_Extracted records_.

○ ○ ○ ○

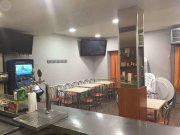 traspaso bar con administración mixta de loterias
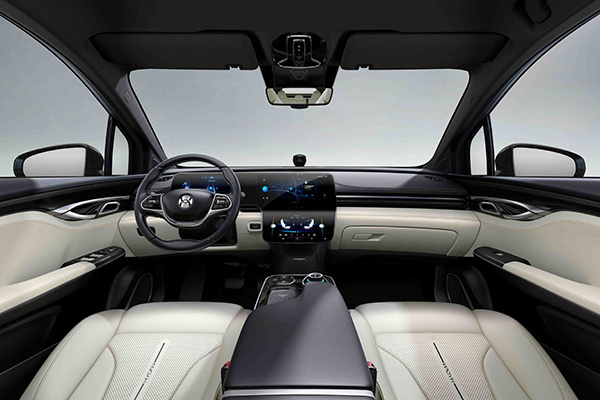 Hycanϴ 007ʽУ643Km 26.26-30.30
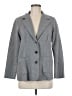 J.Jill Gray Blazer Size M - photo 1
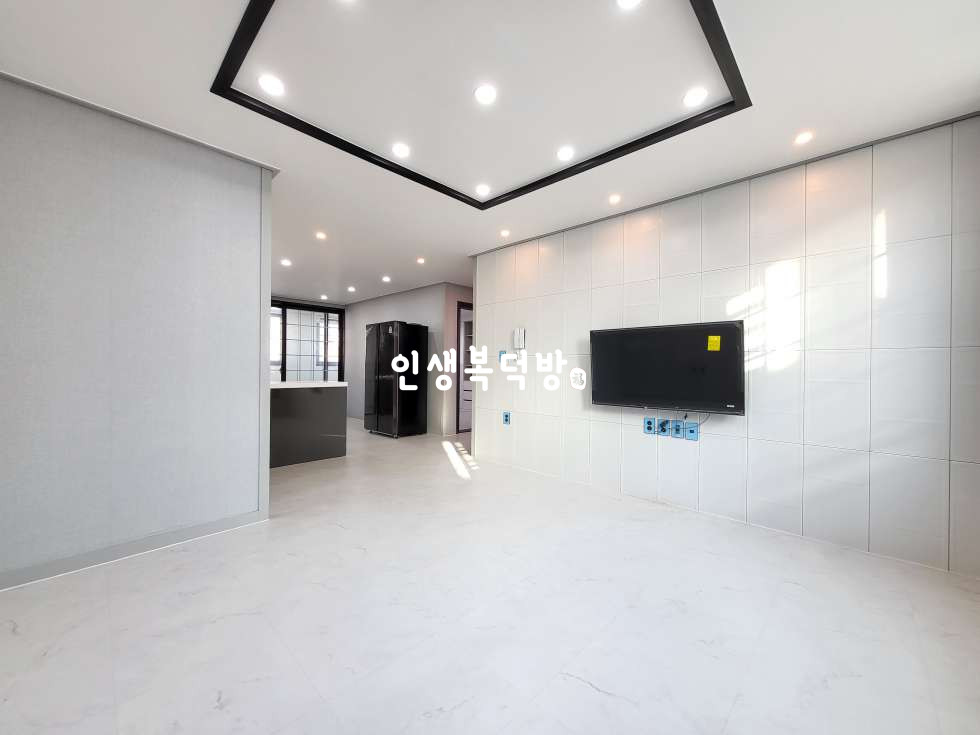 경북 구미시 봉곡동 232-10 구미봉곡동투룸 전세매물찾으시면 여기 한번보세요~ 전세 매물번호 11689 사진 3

○ ○ ○ ○

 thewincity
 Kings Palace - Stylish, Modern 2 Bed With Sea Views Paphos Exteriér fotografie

○ ○ ○ ○

_Task item_. Leaving out the pictures, please output the lines in the entries above from the one with "J.Jill Gray Blazer Size M - photo 1" through the one with "경북 구미시 봉곡동 232-10", exactly as they are.

_Answer to this exercise_.
 J.Jill Gray Blazer Size M - photo 1
 경북 구미시 봉곡동 232-10 구미봉곡동투룸 전세매물찾으시면 여기 한번보세요~ 전세 매물번호 11689 사진 3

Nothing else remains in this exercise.